Pretending to know everything, to prospect, to make client visits and to file impressive reports will only get you a pretend sale. But there are other forms of pretence which is what I want to address.
Eloquence in the English language is nice to have. In fact, in some jobs it may even get you a promotion. “He expresses himself very well. People look up to him. He can make a good leader.” And lo and behold, he soon has the title manager. On the other hand, your capacity to communicate in Queen’s English does not necessarily translate into your capacity to close sales. Some buyer’s may be impressed by your waxing lyrical, but they are still buyers-they need to know how the product solves their problem. In some instances, your accent (genuine or fake) may even intimidate them into limiting their communication to nodding and monosyllabic responses; anything, not to reveal their comparative ignorance in English-whether perceived or real. Irrespective, the sale is impeded and likely lost. If the buyer is of the same ilk as you, the sale quickly deviates to a battle of eloquence. Hoping to hide behind the charade of articulacy in English (or your mother tongue for that matter) is short-lived. Wisdom should be exercised is knowing when to dumb down and when not to-and remembering that content is King.
Overt shows of flamboyance or being ‘with it’ won’t get you the sale either. Have the personalised golden cuff links, the Ray Ban rimless sunglasses and the silver tipped shoes by all means. Conspicuously exhibit the latest i-Pad and the Galaxy S7complete with a Bluetooth hanging from your ear if you will. In fact, it may serve you well especially if you have grown into this space and your buyers expect this from you. If on the other hand it’s merely pompousness then, my friend, the sales job will quickly bring you down from your high horse- your overt show of pretension is quickly seen for what it is: grand standing. The stunningly beautiful customer service representative may have a beeline of men wanting to be served by her; so too, her charming male counterpart who’s dressed to the nines, ladies.

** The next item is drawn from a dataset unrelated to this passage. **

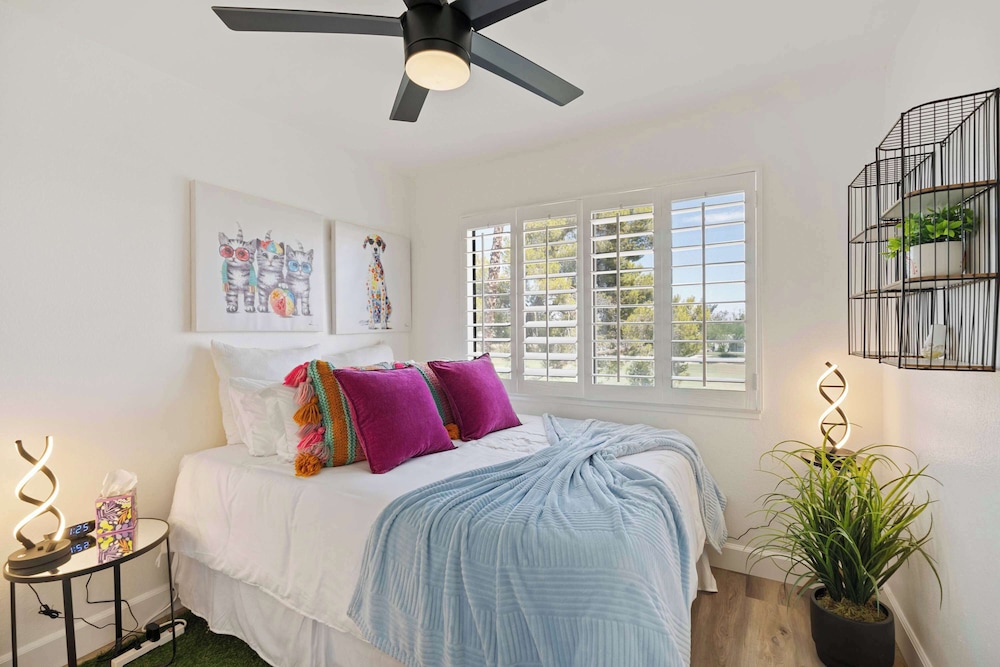 The 14th Fairway Delight 4Bd W/community Pool!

When it comes to selling, however, pretending ‘to be with it’ just serves to draw attention to your self-declared importance, yet successful selling keeps attention on the buyer and solving her problem.
I’m not blind to the fact that there are instances where eloquence and flamboyance may actually be necessary to get you the sale. But that’s not the point here. The point is that, pretending or hoping to lie your way to sales success is short lived. Your team members smell it and detest you for it; worse still, your buyers sense it and emotionally detach from you and therefore the sale. Either way, you alienate yourself; you lose. Try being genuine-it may not be cool in this Keeping Up With The Joneses world, and may even feel boring; but you’ll be surprised how it will consistently connect you with your buyers and greatly increase your chances of a sale.
(Dear reader, thank you for your continued loyalty. Happy anniversary Sales Pitch!)